No es raro entonces que «donde el laicismo logra sustraer al hombre, a la familia y al Estado del influjo regenerador de Dios y de la Iglesia, aparezcan señales cada vez más evidentes y terribles de la corruptora falsedad del viejo paganismo. Cosa que sucede también en aquellas regiones en las que durante siglos brillaron los fulgores de la civilización cristiana»12. Esas señales producidas por la secularización son evidentes en muchos países, incluso de gran tradición y raigambre cristiana, donde progresa este proceso de secularización: divorcio, aborto, aumento alarmante del consumo de droga, incluso en niños y menores de edad, agresividad, desprecio de la moralidad pública... El hombre y la sociedad se deshumanizan y degradan cuando no tienen a Dios como Padre, lleno de amor, que sabe dar leyes para la misma conservación de la naturaleza humana y para que las personas encuentren su propia dignidad y alcancen el fin para el que fueron creadas.
Ante frutos tan amargos, los cristianos debemos responder con generosidad a la llamada recibida de Dios para ser sal y luz allí donde estamos, por pequeño que pueda ser o parecer el ámbito donde se desenvuelve nuestra vida. Debemos mostrar con hechos que el mundo es más humano, más alegre, más honesto, más limpio, cuando está más cerca de Dios. La vida más merece la pena ser vivida cuanto más informada esté por la luz de Cristo.

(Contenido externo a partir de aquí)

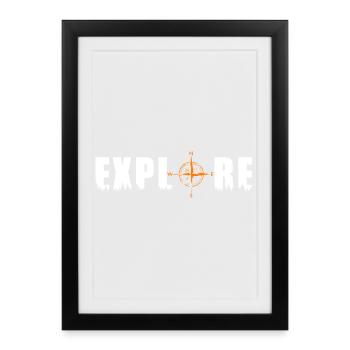 Explore motif with a compass - Framed poster (27 × 37 cm) - black - Front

Jesús nos mueve continuamente a no permanecer inactivos, a no perder la más pequeña ocasión de dar un sentido más cristiano, más humano, a las personas y al ambiente en el que nos movemos. Al terminar nuestra oración nos preguntamos hoy: ¿qué puedo hacer yo en mi familia, en mi escuela, en la Universidad, en la oficina..., para que el Señor esté presente en esos lugares? Y pedimos a San José la firmeza de espíritu para llevar a Cristo a todas las realidades humanas. Miremos con fe el ejemplo de su vida, de la que se «desprende la gran personalidad humana de José: en ningún momento se nos aparece como un hombre apocado o asustado ante la vida; al contrario, sabe enfrentarse con los problemas, salir adelante en las situaciones difíciles, asumir con responsabilidad e iniciativa las tareas que se le encomiendan»13.
Con la gracia de Dios y la intercesión del Santo Patriarca, nos esforzaremos con constancia para dar fruto abundante, en el lugar donde Dios nos ha puesto.